The Edmonton Journal
June 20, 2000
Mighty Popo a potpourri of musical styles
He draws from African rhythms, blues and reggae
Roger Levesque
Special to The Journal
Edmonton
Singer-guitarist Jacques Murigande comes from what has been one of Africa's darkest troublespots over the past decade.
He was born in Burundi, the child of refugees from neighbouring Rwanda. But as the Ottawa-based bandleader Mighty Popo, he's not just singing about the strife back home:
"I am on a mission to inform people about the history of my people," he explains. "There have been so many misrepresentations of Africans and the black man. I'm trying to show the positive side of the African and to just try and bring people together through music."
It’s only natural that Popo/Murigande's musical vision takes such a wide angle. He's been drinking-in varied musical styles since he was a child and today he draws on musical elements from all over Africa, to American blues and r'n'b strains, and Caribbean reggae, zouk and soca. It's a hybrid high-energy dance music.
"I try to search out rhthyms that are less known here," he says. "I try to get inspired from new music."
Check out Dunia Yote, his second independently produced disc (now distributed by Montreal's Fusion III). At some points the infectious grooves might point to South or West Africa but his guitar can whirl at a high pitch like soukous music from Zaire, or bluesey styles from the American south. He sings in French, English, Swahili, Kinyarwanda, Pulaar and Wolof. Popo believes there's a natural relationship between all these styles.
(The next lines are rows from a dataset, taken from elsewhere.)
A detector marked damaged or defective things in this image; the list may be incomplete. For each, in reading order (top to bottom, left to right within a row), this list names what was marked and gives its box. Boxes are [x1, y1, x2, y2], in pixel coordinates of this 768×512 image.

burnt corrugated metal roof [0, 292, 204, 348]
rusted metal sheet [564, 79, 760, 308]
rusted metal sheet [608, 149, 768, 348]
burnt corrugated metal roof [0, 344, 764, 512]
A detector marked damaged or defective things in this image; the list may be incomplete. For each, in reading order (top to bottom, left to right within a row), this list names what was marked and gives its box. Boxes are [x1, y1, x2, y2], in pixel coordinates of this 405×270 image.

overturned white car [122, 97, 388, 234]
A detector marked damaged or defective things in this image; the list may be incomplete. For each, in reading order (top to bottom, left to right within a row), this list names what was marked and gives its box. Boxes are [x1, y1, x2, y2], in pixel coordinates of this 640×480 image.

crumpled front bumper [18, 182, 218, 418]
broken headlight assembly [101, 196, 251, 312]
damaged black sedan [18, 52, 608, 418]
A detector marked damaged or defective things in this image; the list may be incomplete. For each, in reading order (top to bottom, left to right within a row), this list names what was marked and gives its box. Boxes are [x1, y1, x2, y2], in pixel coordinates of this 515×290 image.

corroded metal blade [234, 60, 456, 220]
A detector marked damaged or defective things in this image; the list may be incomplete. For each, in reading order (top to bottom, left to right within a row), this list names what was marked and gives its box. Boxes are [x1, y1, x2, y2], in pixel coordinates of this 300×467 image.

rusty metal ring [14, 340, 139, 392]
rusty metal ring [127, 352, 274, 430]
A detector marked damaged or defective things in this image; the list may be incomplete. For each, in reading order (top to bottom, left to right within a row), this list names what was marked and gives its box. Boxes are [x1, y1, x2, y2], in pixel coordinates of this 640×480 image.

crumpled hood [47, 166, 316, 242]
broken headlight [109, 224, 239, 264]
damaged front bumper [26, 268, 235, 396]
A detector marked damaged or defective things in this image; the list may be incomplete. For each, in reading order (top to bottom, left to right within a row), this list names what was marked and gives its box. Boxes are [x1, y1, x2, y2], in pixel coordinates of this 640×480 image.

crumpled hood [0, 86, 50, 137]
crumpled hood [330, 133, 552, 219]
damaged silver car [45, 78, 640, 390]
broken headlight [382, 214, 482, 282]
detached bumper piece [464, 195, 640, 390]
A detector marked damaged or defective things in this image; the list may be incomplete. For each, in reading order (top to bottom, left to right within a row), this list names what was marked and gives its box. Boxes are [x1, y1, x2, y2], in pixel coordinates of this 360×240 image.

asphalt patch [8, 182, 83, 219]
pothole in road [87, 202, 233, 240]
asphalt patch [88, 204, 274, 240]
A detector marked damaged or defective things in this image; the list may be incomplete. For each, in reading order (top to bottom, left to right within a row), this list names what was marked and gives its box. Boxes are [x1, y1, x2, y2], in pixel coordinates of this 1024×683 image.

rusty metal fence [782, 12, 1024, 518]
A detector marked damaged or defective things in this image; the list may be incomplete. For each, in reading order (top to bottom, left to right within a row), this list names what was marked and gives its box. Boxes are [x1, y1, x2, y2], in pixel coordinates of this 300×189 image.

His touring band is also a polyglot of African and North American players: Vince Halfhide handles back-up rhythm guitar and puts in slide techniques, Ras Mpala plays keyboards and Brian Magner blows saxophone along with bassist Patrick Giunta, drummer Ross Murray (who produced Dunia Yote), and Popo's own guitar and vocal.
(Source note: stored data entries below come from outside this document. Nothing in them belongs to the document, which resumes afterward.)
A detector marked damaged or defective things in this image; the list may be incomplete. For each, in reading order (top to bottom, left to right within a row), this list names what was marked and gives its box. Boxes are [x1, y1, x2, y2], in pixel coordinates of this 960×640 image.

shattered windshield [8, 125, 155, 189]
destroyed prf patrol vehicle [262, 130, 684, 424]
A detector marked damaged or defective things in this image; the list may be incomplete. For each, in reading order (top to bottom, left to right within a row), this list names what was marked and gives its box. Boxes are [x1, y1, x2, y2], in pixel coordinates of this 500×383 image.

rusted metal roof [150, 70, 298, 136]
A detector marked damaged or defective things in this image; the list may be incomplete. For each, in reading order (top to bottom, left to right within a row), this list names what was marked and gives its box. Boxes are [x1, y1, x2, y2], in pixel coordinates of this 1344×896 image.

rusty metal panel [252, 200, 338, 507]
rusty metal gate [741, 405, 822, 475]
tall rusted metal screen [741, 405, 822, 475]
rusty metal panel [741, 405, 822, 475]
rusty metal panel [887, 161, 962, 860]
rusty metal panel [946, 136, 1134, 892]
Popo recalls hearing lots of American music on radio or records as he was growing up, including the likes of James Brown, Jimi Hendrix and folk blues. He was often struck by their similarities to indigenous musicians of his homeland.
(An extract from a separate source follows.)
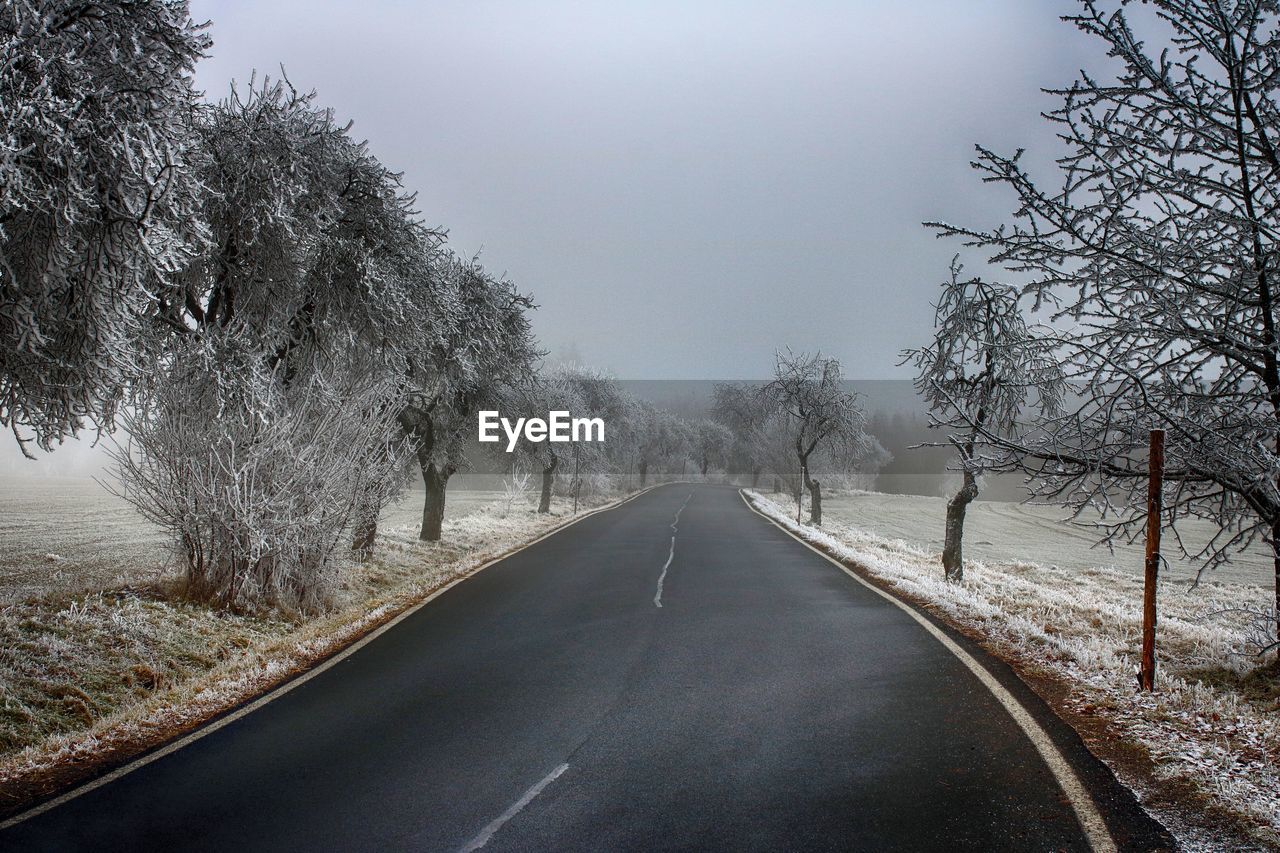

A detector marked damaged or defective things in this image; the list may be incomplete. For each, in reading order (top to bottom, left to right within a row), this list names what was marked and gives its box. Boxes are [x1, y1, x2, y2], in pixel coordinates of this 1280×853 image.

rusty metal post [1146, 427, 1167, 686]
"One day I took this recording of Lightning Hopkins to play for my grandmother and she thought maybe it was someone from next door. There's an amazing similarity to Rwandan music and the delta blues too, and I also find that with John Lee Hooker and the early plantation recordings of Muddy Waters."
Popo got a toy harmonica as a kid and his uncle always had a guitar around. He says he knew he wanted to make music but he didn't get really serious until he wound up in Canada in 1987, a 19-year-old French-speaking landed immigrant with $20 to his name. He took training in electronics and got a job that allowed him to work on his music on the side.
Before long he was a fixture on the Ottawa blues scene (in fact Popo just won two of Ottawa's "Undies" independent music awards last week including Best World Musician). He found himself touring Canada with Dutch Mason and backing up Andy J. Forest in New Orleans and Europe and his 1996 debut recording Tamba included some of the same players he still works with.
But Dunia Yote is a further expansion of Popo's sound incorporating folk songs and praise songs from Africa, a Baaba Meal tune and his own original numbers drawing on traditional mythology and contemporary social issues. For many listeners the overwhelming reaction is to dance but it comes with Popo's messages about Africa’s problems and African pride. Now 33, he adds:
"I want the people of my home-land to wake up to their history and to look for a better future for their children."